(Input data)
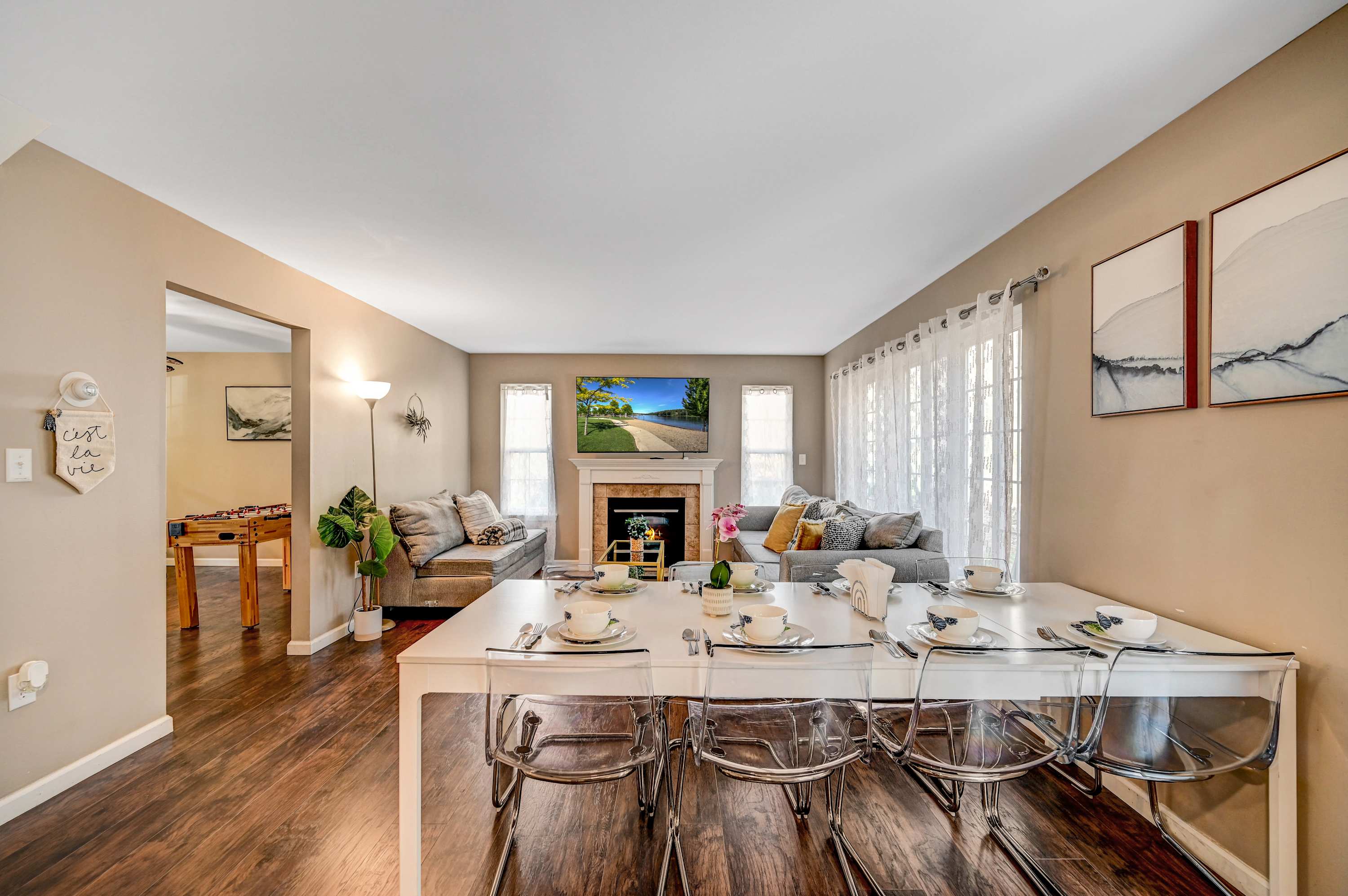Cozy & Inviting! This open-concept living and dining area offers a comfortable retreat with a modern fireplace, chic decor, and ample natural light.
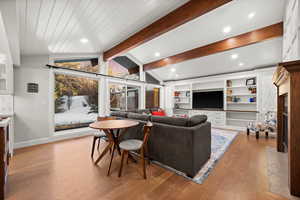 Living room with light hardwood / wood-style floors and lofted ceiling with beams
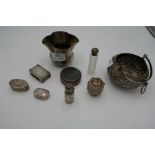 A mixed lot comprising a silver Chester matchbox cover, silver bottle and topped cut glass bottle, a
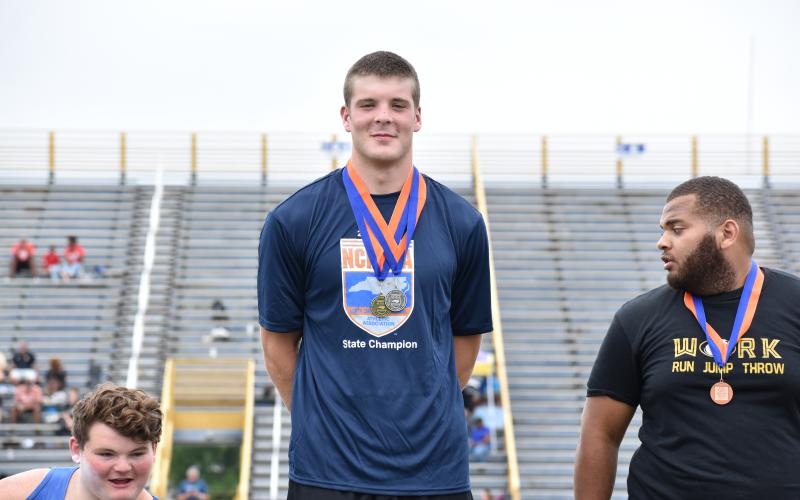 (Kevin Hensley • Graham Star) Jake McTaggart stands atop the podium with his gold medal for discus and silver medal for shot put.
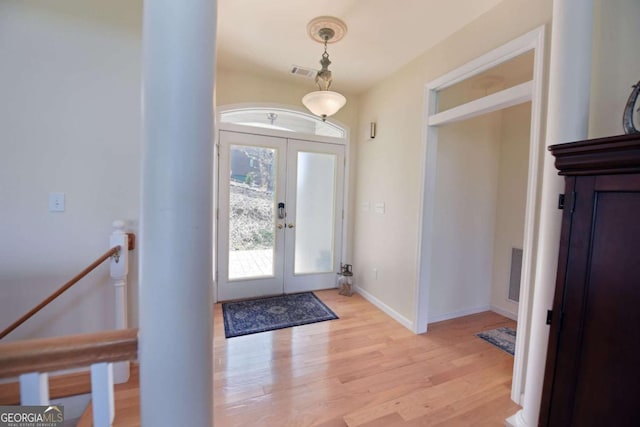 62 Eagles View Ct, Hayesville, NC 28904 - foyer with light wood-type flooring, french doors, and baseboards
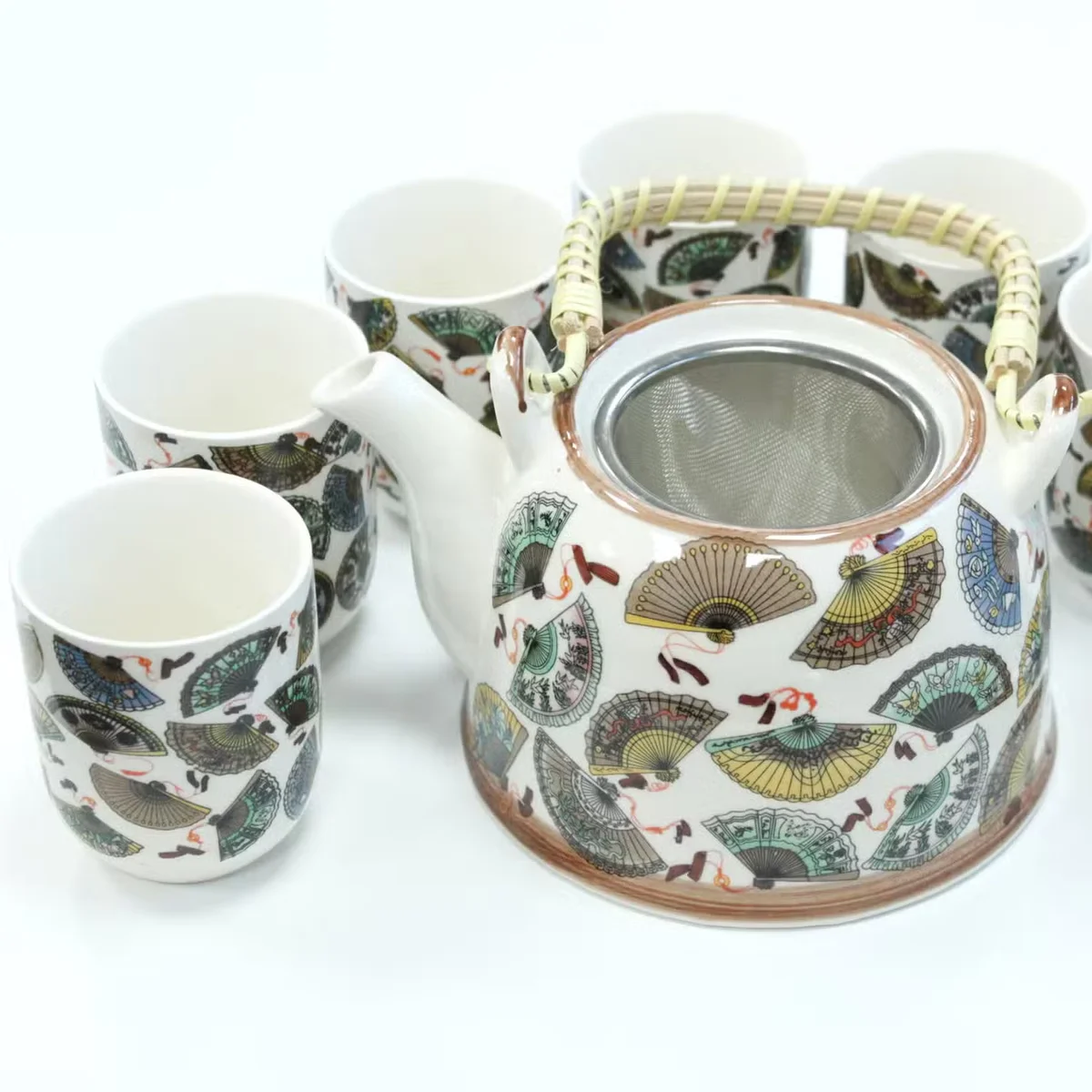 Herbal tea set with a china teapot set and matching China Fans.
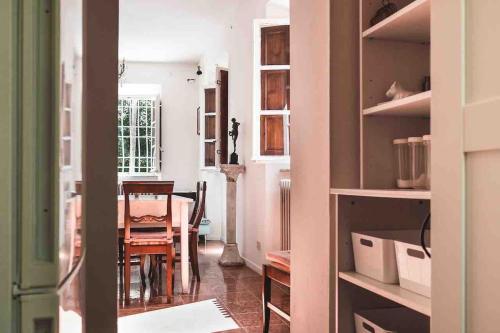 a kitchen with a table and a dining room at Villa Bianca charming Tuscany house with pool in Lucca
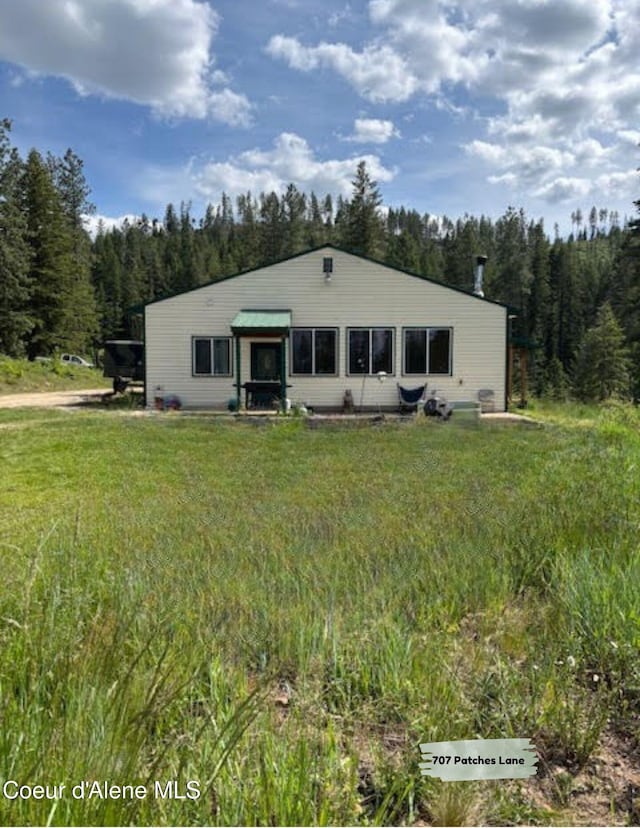707 Patches Ln, Saint Maries, ID 83861 - view of front of house with a view of trees and a front yard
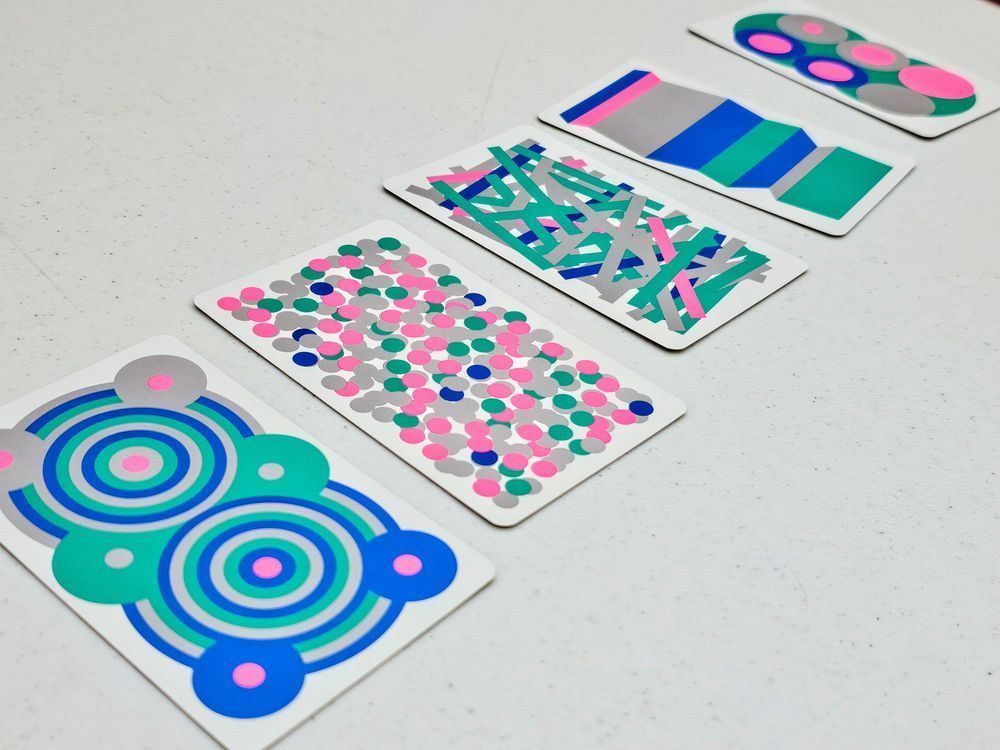 A display of cards with a variety of patterns on them.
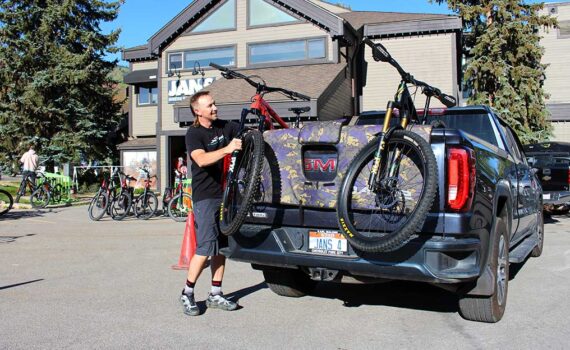 Jans Expert loads a specialized bike into the back of a truck on a sunny day in front of the Jans Bike shop entrance.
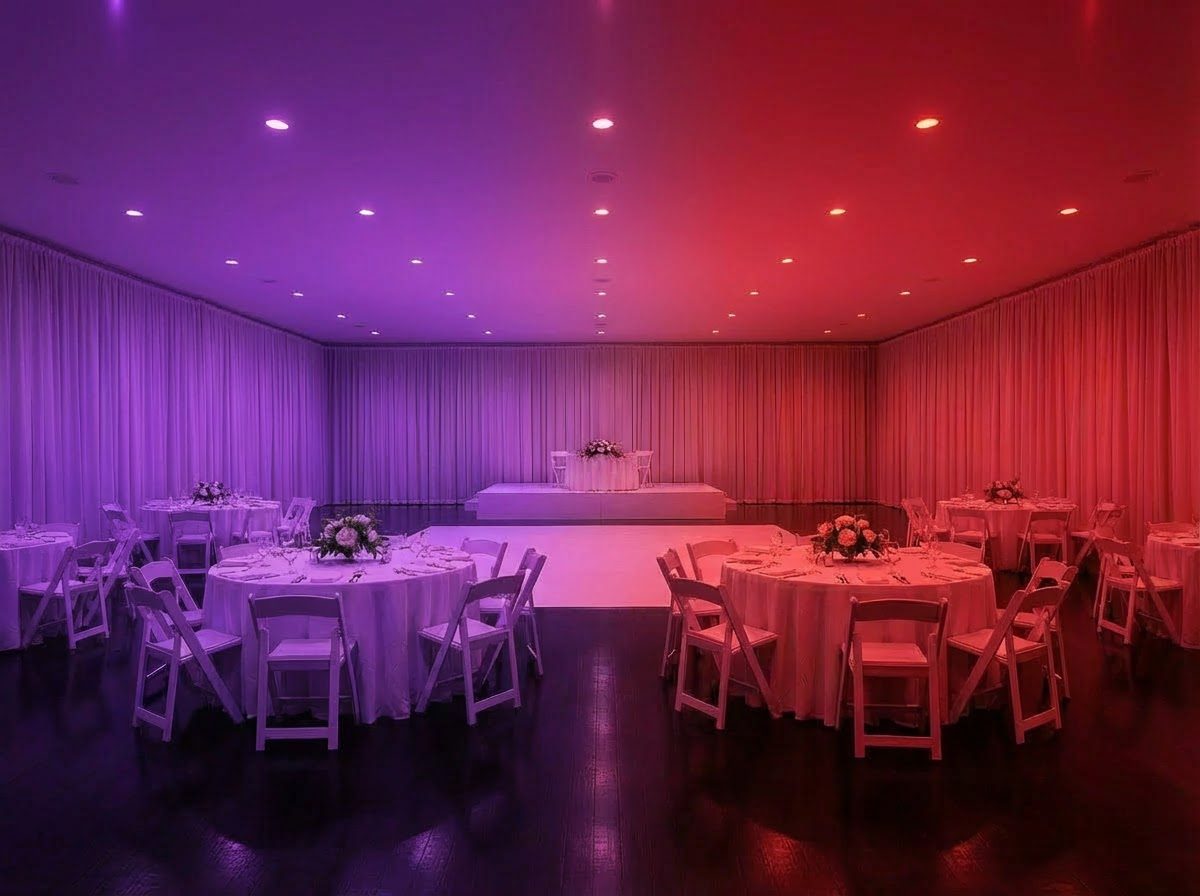 Ballroom after wash lighting — broad purple-to-red color wash filling the room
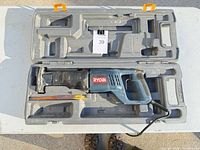 Ryobi corded reciprocating saw in molded carry case with blade attached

(Requirement)
With pictures excluded, restate word for word the lines from the one that contains "Ballroom after wash" through the end of the material, inclusive, and nothing more.

(Output of the task)
 Ballroom after wash lighting — broad purple-to-red color wash filling the room
 Ryobi corded reciprocating saw in molded carry case with blade attached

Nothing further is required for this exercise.